(Stored data entries)

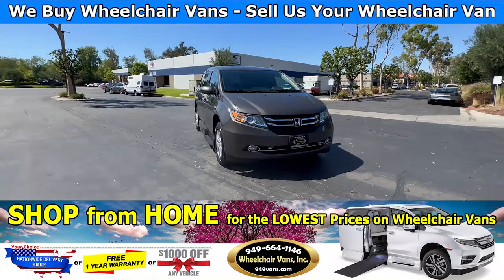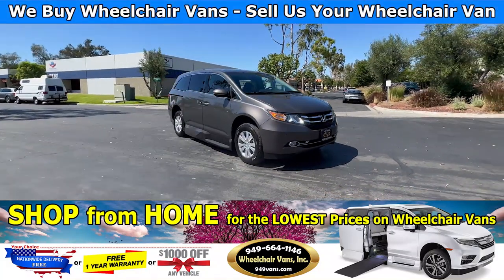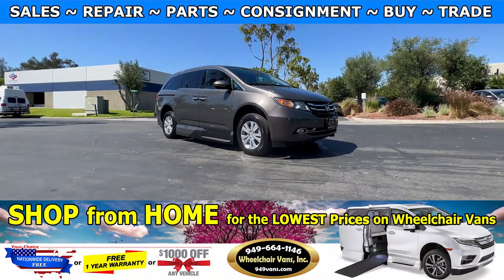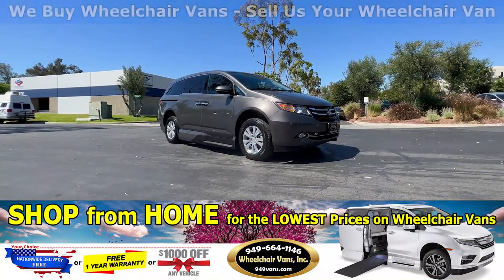Hello and welcome to Wheelchair Vans Inc. Today I will be going over a 2014 Honda Odyssey Touring Elite equipped with the VMI Northstar in-floor ramp.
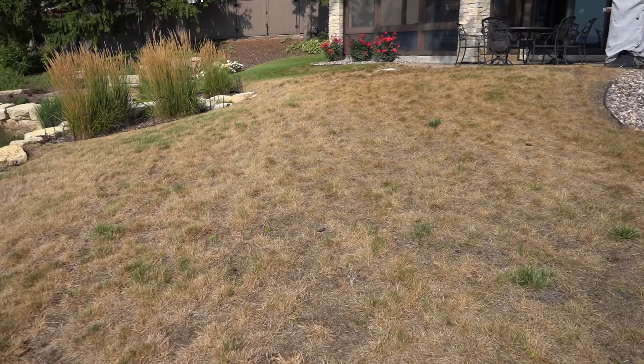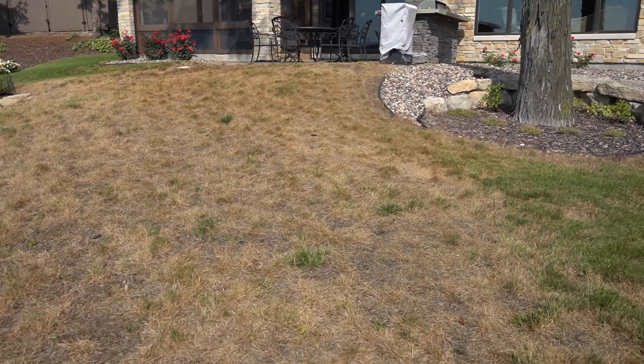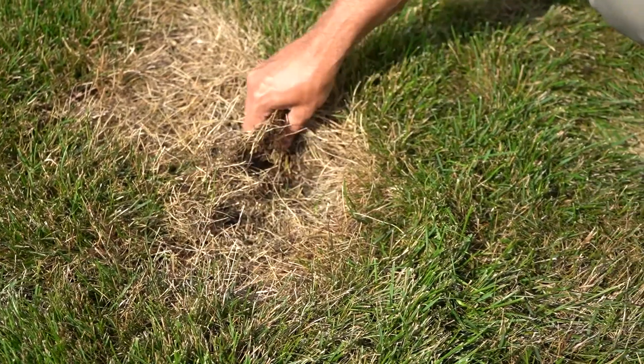Today we're on a lawn that's been significantly impacted by summer patch. Summer patch is a disease that, as the name explains, we see in the middle of the summer as soil temperatures reach 65 degrees or higher. Summer patch can be very similar to a disease called necrotic ring spot because both of those diseases severely damage the roots.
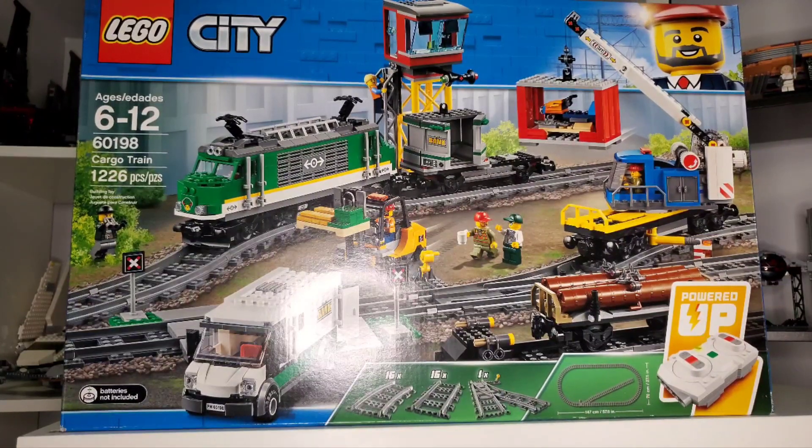Hello everyone and welcome to my review of the LEGO City Cargo Train, set 60198. It comes with 1226 pieces, which is a decent amount until you consider the price point of $230, which is absolutely absurd. You can currently get it for $180 if you find it on clearance.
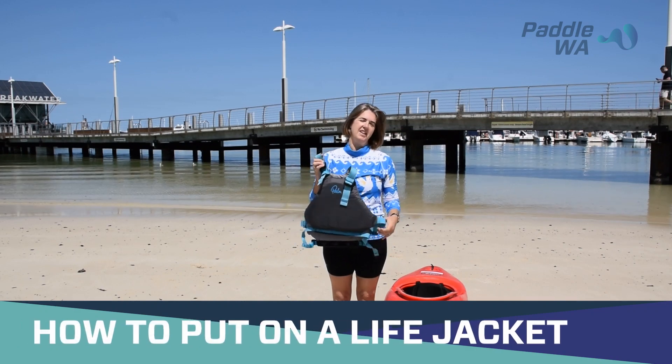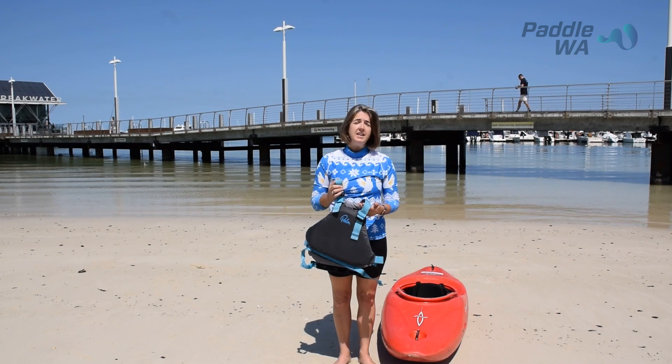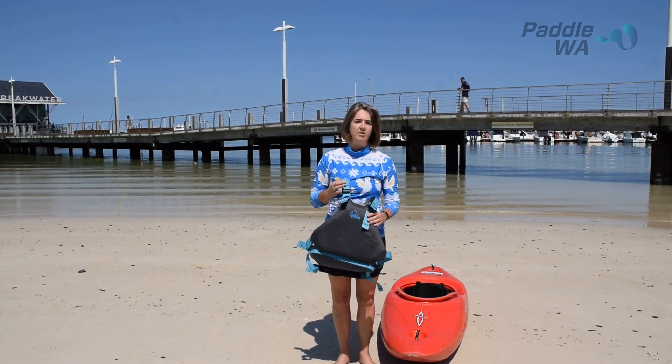An essential piece of equipment when you're hiking is your buoyancy vest or life jacket. There are many different types and there are many different fastenings.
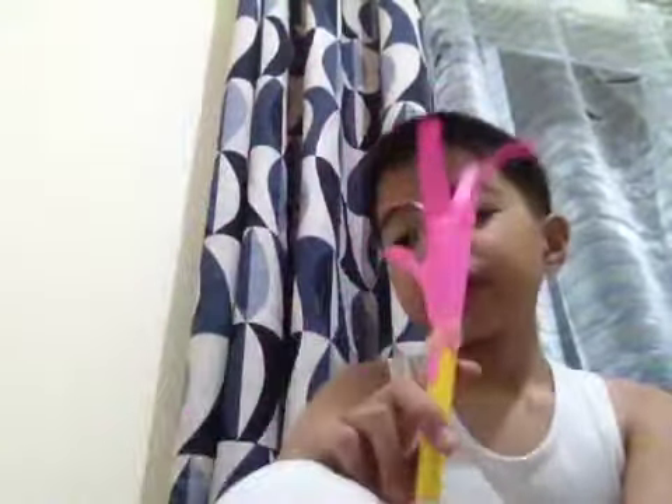Hello guys and welcome back to another video. Today this is a do-it-yourself craft activity — a flower for Mother's Day. Happy Mother's Day! This is a DIY craft you can give to your mom.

PROBLEM DESCRIPTION
The data above must be given back verbatim, minus its images.

FINAL ANSWER
Hello and welcome to Wheelchair Vans Inc. Today I will be going over a 2014 Honda Odyssey Touring Elite equipped with the VMI Northstar in-floor ramp.
Today we're on a lawn that's been significantly impacted by summer patch. Summer patch is a disease that, as the name explains, we see in the middle of the summer as soil temperatures reach 65 degrees or higher. Summer patch can be very similar to a disease called necrotic ring spot because both of those diseases severely damage the roots.
Hello everyone and welcome to my review of the LEGO City Cargo Train, set 60198. It comes with 1226 pieces, which is a decent amount until you consider the price point of $230, which is absolutely absurd. You can currently get it for $180 if you find it on clearance.
An essential piece of equipment when you're hiking is your buoyancy vest or life jacket. There are many different types and there are many different fastenings.
Hello guys and welcome back to another video. Today this is a do-it-yourself craft activity — a flower for Mother's Day. Happy Mother's Day! This is a DIY craft you can give to your mom.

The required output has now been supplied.